EXERCISE BRIEF: All lines from the one containing "디바이스마트,수공구/전자공구/전동공구 > 전자공구" through the final line of the material below must appear exactly as they are, with nothing else.

=======

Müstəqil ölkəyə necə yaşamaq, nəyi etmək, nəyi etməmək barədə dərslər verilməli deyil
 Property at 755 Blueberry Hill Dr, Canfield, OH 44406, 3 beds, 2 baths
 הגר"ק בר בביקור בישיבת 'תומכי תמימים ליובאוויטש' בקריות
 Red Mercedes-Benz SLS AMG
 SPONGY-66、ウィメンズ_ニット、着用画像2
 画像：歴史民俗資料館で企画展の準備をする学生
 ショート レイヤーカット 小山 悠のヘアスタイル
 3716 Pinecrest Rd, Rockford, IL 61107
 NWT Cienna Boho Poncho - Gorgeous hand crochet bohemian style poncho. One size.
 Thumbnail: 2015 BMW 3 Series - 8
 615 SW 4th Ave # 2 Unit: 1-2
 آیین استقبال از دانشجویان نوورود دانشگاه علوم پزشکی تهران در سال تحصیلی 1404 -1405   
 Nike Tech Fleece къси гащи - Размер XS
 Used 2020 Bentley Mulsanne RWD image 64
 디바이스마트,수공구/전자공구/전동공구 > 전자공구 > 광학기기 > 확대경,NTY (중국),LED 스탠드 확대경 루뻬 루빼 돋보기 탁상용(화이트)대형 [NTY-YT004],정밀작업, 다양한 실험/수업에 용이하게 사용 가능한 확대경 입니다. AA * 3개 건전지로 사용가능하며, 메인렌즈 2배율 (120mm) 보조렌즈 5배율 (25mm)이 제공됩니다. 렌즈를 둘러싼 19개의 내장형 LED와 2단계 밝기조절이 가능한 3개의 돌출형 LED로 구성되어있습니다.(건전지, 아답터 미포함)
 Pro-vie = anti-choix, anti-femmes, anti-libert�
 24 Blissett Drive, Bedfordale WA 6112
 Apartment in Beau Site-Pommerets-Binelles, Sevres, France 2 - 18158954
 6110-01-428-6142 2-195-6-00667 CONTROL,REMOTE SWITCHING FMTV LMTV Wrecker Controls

=======

EXERCISE SOLUTION:
 디바이스마트,수공구/전자공구/전동공구 > 전자공구 > 광학기기 > 확대경,NTY (중국),LED 스탠드 확대경 루뻬 루빼 돋보기 탁상용(화이트)대형 [NTY-YT004],정밀작업, 다양한 실험/수업에 용이하게 사용 가능한 확대경 입니다. AA * 3개 건전지로 사용가능하며, 메인렌즈 2배율 (120mm) 보조렌즈 5배율 (25mm)이 제공됩니다. 렌즈를 둘러싼 19개의 내장형 LED와 2단계 밝기조절이 가능한 3개의 돌출형 LED로 구성되어있습니다.(건전지, 아답터 미포함)
 Pro-vie = anti-choix, anti-femmes, anti-libert�
 24 Blissett Drive, Bedfordale WA 6112
 Apartment in Beau Site-Pommerets-Binelles, Sevres, France 2 - 18158954
 6110-01-428-6142 2-195-6-00667 CONTROL,REMOTE SWITCHING FMTV LMTV Wrecker Controls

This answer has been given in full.